# Task item:
Within the material below, locate the line with "Australia Azure Kingfisher" and the line with "Closet Organizers and", then return those two lines and all lines between them, exactly as written.

# Supplied records:
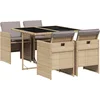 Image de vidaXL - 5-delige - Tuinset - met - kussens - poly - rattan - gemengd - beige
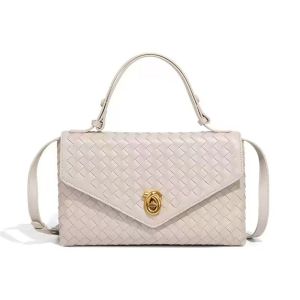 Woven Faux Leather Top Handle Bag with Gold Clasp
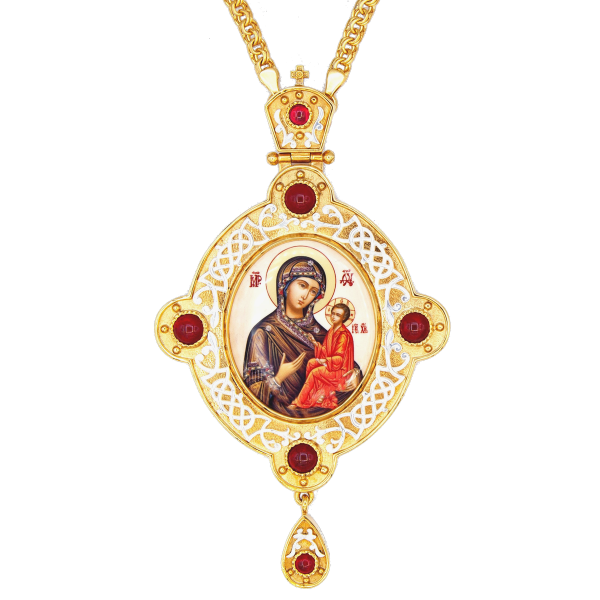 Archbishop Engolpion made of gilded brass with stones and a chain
--
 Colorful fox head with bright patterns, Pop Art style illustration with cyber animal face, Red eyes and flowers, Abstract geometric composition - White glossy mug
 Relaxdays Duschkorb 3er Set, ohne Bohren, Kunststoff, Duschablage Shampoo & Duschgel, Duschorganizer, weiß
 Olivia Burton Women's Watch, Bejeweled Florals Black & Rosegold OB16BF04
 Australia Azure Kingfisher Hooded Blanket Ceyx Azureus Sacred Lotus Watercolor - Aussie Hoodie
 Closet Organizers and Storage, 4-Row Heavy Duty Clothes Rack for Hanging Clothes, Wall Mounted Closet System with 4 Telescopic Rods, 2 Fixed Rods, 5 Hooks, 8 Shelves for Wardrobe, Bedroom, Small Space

# Answer to this exercise:
 Australia Azure Kingfisher Hooded Blanket Ceyx Azureus Sacred Lotus Watercolor - Aussie Hoodie
 Closet Organizers and Storage, 4-Row Heavy Duty Clothes Rack for Hanging Clothes, Wall Mounted Closet System with 4 Telescopic Rods, 2 Fixed Rods, 5 Hooks, 8 Shelves for Wardrobe, Bedroom, Small Space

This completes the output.